Former religious site in Budapest, Hungary

The Monastery of St Lawrence at Buda, also known as the Pauline Monastery of Budaszentlőrinc (budaszentlőrinci pálos kolostor), is a former monastery belonging to the Pauline Order. Destroyed by the Ottomans, the remains of the monastery grounds are in an area called Szépjuhászné (English: Beautiful shepherdess) which is in the saddle between Hárshegy and János Hill in the 2nd district of Budapest. It is where the Pauline Order founded their first friary. Today, only the foundation walls of the monastery remain.

==Background==
In 1290, near what is today Budakeszi, on the outskirts of Budapest, a chapel called Budaszentlőrinc dedicated to St. Lawrence (Szent Lőrinc) was established on the site of what became the monastery. Around 1301, the construction of the Pauline monastery named after St. Lawrence began. In 1308, Lőrinc, the fourth prior, made the monastery the headquarters of the order. It served in this capacity throughout its existence. Charles I of Hungary was among the first significant donors, as well as John Hencfi, who donated the surrounding forests to the monastery.

In 1381, the body of St. Paul, the patron saint of the order, was transferred from Venice to the Monastery of St. Lawrence at Buda, which thereby gained greatly in prestige, becoming a destination for pilgrims. Following the Neapolitan campaigns of Louis I of Hungary, the king made donations of money and relics to the monastery and offered the country under the patronage of Paul of Thebes as a co-patron saint. Following the Louis' donations, significant construction began and were completed in 1403.

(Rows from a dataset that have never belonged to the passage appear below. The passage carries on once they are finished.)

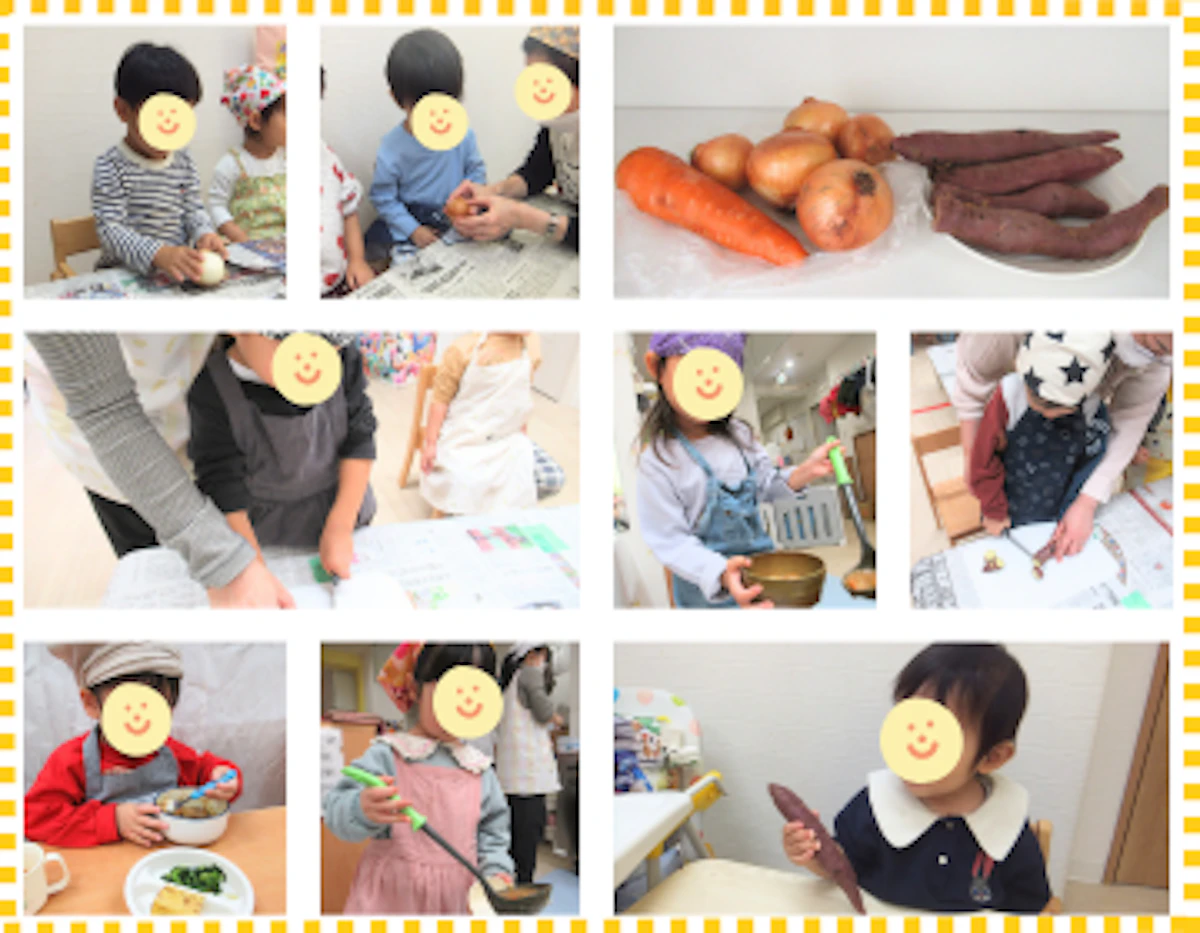 写真コラージュHP - 2026-10-23T084525.314.png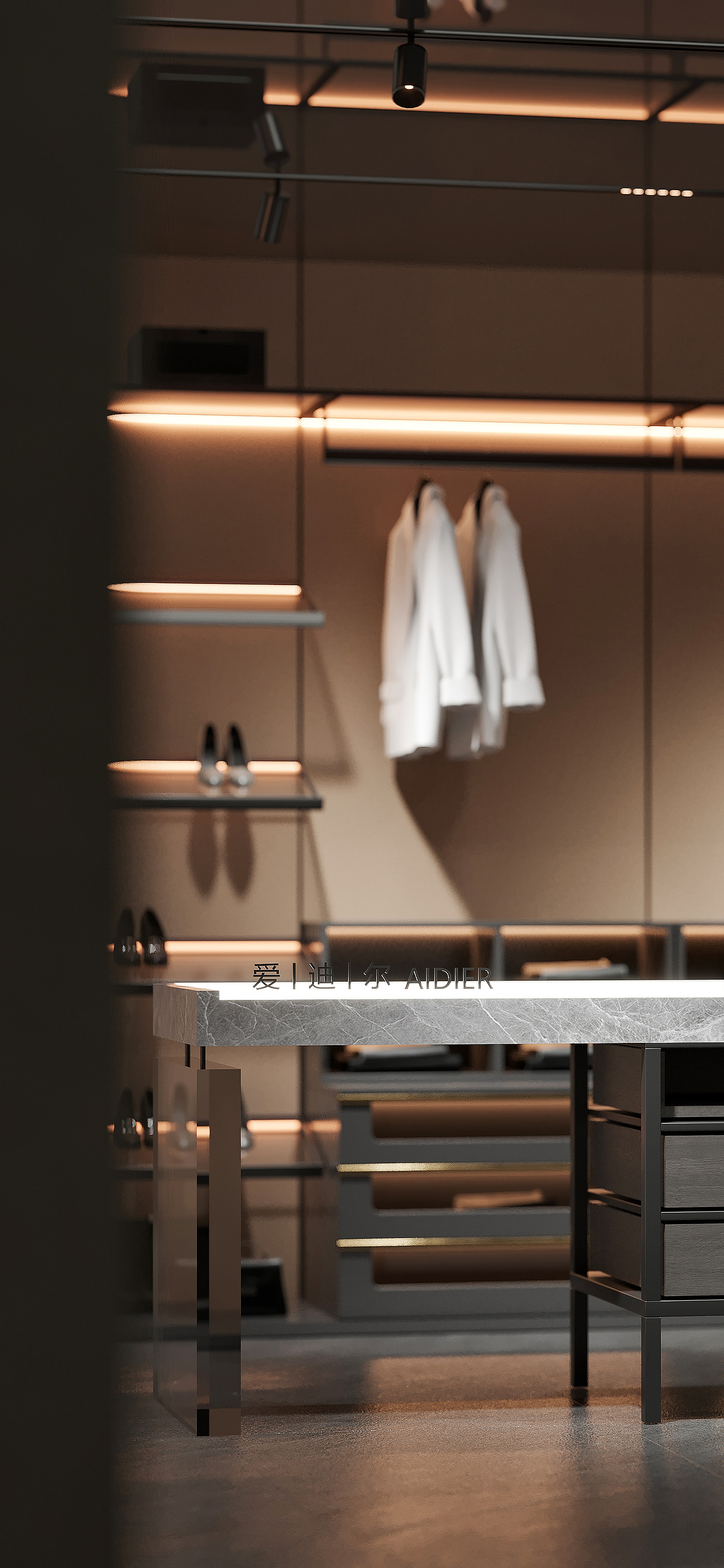 积累一年的小特写[z猪头]（图ZMjg4MjQwNzI0） - 家装设计 - 站酷设计师深海大菠萝Bolo原创素材 - 站酷ZCOOL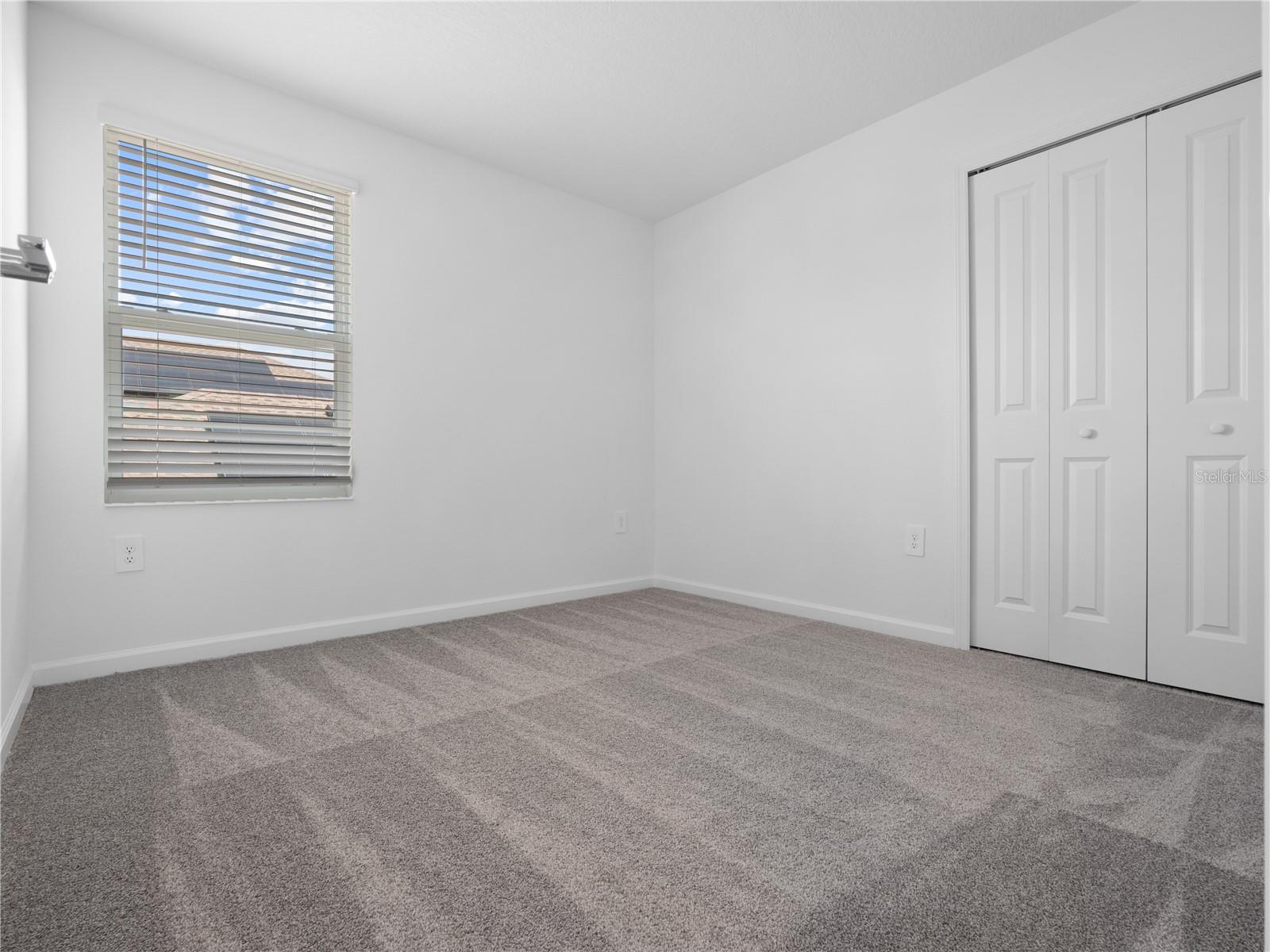 Image 22 of 31 For 571 Jett Lane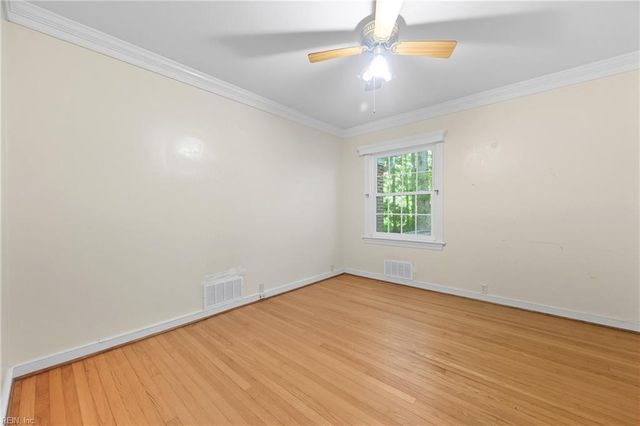 4932 John Tyler HWY, Williamsburg, VA 23188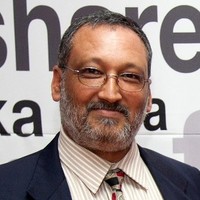 Ishaam Mullajee (9k-plus)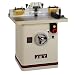 Shop JET power tools
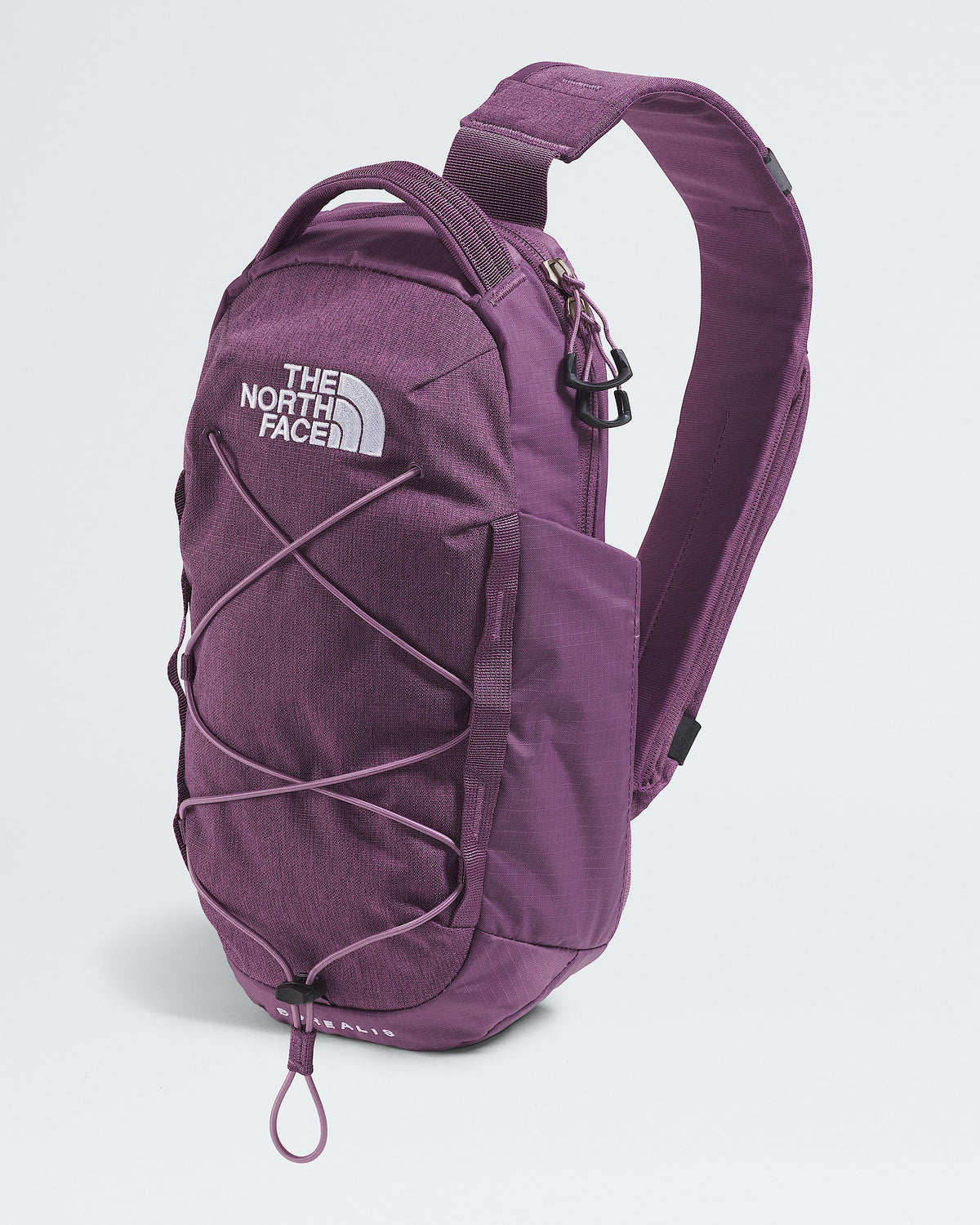 Borealis Sling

One of the monks of the monastery, László Báthory (1420–1484?), received permission from the prior to move to a neighboring cave, Bathory Cave, to devote himself to his work, Bible translation. He lived there, named in his honor, for twenty years (1437–1457).

In 1527, after the Battle of Mohács, the monastery fell victim to Ottoman destruction. The monks fled, taking what manuscripts and relics they could, when the building was ransacked. The Hungarian Bible also disappeared. The relics of St. Paul the Hermit were taken to Trenčín Castle and the Pauline treasures were evacuated to Horné Lefantovce and then to Lepoglava in Croatia.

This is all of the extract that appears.